We are therefore pleased to have commissioned work involving Oxford Economics and the EBU Media Intelligence Service, work that clearly demonstrates that, in addition to cultural and societal benefits, the investment yields a substantial economic benefit (see The Economic Impact of Public Radio’s Music Activities,” Oxford Economics, 2020, free access with new user log-in).

Across the EBU Members, we can count more than 120 music ensembles, around half of them orchestras, the remainder choirs and smaller ensembles. This directly creates over 17,000 jobs, including 5,800 musicians directly employed, at the cost of more than 1 billion euros. Across the European Union, this accounts for around 20% of the overall investment in the music and radio sectors.

If we then factor in further impacts from the necessary procurement to support the activity, as well as staff spending, we can see a broader impact of more than 3 billion euros, supporting over 50,000 jobs.

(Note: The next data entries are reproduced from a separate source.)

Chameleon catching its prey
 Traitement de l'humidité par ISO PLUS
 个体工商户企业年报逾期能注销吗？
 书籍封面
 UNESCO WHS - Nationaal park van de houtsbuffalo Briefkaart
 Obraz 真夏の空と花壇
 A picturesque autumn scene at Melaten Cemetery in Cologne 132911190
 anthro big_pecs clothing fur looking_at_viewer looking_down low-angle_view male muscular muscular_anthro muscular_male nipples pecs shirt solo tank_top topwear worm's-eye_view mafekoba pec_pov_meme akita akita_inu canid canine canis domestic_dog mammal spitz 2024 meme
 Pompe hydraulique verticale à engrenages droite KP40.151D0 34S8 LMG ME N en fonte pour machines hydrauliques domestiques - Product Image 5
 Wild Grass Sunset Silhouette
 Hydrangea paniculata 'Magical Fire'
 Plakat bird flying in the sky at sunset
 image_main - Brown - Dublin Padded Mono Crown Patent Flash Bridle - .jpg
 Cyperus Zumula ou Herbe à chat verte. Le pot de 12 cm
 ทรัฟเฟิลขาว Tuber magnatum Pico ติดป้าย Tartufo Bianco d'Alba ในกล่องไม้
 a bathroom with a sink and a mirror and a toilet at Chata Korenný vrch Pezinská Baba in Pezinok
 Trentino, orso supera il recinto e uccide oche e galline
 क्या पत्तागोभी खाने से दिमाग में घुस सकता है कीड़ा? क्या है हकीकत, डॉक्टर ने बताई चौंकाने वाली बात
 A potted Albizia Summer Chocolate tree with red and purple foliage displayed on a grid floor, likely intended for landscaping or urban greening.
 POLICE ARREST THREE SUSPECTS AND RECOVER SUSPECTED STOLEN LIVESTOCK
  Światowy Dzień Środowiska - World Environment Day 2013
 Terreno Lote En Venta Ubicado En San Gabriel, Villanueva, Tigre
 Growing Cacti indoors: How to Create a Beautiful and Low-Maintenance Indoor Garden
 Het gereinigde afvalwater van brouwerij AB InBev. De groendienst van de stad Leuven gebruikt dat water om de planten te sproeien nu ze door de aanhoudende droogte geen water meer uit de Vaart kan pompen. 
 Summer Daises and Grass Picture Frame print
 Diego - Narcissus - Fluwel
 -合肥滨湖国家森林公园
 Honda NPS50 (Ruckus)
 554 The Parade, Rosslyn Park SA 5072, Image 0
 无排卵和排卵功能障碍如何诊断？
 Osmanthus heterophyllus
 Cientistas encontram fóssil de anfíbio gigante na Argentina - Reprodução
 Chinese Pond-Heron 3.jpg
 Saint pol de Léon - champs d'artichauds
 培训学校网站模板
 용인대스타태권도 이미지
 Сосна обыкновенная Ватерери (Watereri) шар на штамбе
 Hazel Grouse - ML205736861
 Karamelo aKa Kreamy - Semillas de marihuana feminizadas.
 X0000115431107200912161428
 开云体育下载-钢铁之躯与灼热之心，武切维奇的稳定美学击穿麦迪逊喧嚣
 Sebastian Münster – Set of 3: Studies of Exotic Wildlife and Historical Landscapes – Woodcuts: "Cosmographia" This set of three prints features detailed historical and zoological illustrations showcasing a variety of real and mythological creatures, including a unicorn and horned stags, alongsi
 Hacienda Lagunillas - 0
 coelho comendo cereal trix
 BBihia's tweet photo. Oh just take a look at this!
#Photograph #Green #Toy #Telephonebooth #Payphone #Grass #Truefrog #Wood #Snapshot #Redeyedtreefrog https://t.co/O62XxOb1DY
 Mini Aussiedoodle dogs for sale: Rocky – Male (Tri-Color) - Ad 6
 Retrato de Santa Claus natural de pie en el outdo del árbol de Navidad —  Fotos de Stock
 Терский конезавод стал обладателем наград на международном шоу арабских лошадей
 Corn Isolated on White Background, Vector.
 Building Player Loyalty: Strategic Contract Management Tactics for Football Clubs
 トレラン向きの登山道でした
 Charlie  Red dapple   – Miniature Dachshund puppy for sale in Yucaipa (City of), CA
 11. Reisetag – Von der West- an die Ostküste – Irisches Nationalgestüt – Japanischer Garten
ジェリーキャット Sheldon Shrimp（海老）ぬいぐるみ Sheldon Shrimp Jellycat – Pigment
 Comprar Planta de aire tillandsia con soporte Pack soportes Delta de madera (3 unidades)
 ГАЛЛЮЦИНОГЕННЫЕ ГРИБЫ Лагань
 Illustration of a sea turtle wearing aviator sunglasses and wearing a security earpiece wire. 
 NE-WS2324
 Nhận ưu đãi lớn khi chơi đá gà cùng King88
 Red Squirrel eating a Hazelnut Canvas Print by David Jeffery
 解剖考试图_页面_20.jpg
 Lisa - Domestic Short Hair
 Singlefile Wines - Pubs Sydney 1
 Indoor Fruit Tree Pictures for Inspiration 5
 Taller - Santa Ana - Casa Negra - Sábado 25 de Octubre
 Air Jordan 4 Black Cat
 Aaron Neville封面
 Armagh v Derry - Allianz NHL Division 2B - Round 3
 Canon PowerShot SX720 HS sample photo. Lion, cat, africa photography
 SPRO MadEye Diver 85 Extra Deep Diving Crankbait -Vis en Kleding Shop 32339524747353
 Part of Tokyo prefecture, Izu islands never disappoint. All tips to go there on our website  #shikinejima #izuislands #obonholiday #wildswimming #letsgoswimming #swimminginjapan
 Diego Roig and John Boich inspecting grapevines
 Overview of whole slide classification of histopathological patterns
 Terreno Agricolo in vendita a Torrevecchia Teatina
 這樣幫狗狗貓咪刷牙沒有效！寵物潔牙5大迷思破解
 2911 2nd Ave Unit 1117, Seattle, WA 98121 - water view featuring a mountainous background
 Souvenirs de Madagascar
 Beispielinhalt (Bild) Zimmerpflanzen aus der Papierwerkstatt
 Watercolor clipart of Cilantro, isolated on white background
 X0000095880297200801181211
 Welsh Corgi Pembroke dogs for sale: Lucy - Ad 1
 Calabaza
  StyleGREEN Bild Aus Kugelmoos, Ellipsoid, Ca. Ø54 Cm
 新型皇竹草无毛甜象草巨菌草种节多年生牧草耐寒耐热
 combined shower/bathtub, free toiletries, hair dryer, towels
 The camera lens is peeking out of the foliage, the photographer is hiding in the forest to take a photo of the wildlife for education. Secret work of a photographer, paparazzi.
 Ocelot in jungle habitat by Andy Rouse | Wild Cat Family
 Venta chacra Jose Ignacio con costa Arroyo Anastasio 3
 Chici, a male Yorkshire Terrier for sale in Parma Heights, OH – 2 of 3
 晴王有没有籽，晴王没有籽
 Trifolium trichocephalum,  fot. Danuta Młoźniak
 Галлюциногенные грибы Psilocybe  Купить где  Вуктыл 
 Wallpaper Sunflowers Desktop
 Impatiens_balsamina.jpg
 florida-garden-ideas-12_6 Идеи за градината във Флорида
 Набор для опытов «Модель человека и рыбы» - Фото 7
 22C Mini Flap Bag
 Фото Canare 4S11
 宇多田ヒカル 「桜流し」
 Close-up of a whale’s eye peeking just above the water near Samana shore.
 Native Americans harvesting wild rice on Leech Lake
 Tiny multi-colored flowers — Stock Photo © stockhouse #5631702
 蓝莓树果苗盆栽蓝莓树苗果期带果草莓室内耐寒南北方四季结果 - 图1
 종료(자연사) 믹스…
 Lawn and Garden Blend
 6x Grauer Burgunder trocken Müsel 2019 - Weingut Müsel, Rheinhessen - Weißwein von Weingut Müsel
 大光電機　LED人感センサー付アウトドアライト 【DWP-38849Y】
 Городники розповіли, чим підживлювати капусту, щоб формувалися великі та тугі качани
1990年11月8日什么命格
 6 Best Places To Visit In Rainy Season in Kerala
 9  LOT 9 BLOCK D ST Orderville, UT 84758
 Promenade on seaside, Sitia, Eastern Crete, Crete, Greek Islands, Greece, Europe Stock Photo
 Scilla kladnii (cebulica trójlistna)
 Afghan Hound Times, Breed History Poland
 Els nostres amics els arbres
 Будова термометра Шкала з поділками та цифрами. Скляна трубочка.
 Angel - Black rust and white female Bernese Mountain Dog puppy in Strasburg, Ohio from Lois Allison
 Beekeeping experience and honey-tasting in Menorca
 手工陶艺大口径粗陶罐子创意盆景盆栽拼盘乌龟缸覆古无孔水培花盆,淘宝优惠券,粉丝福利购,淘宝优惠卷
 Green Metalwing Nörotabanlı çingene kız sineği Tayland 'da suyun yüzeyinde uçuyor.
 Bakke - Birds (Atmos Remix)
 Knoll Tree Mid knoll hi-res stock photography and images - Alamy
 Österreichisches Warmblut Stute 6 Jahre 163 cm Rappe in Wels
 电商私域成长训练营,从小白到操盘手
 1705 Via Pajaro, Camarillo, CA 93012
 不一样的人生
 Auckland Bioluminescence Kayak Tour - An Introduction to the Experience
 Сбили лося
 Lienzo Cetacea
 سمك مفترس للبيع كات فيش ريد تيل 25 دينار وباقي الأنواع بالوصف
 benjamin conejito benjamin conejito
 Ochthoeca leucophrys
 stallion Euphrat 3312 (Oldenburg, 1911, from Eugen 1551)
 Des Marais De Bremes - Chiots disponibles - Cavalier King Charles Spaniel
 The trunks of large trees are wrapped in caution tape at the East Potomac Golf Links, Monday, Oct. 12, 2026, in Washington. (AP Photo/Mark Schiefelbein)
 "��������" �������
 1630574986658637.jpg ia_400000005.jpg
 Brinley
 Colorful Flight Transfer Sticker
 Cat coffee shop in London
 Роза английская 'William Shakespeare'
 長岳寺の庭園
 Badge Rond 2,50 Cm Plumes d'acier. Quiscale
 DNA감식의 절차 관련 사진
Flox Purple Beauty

Additionally, and not quantified in the report, there is a notable effect from public media encouragement of listeners to explore new genres, discover emerging musicians, namely in the purchase or streaming of a wide range of music genres.

The highly positive contribution here is around the support this gives to launch new careers and — in the process — contribute to building national cultural capital, in many cases resulting in exports through touring and international sales.

When we appreciate the choice of music on our radios, when we hear one of the many orchestras and choirs perform, we should certainly enjoy that special moment.

However, there is a wider picture, namely the substantial economic benefits of this activity, sustaining the artists involved and giving them a regular platform, but also nourishing the economies of the countries where such investment takes place.

An EBU webinar on Sept. 22 will explore “PSM Supporting Music: The Economic Impact.”

The organization also has released a List of Radio Ensembles run by EBU Members, including 56 orchestras, 47 choirs and 24 additional ensembles.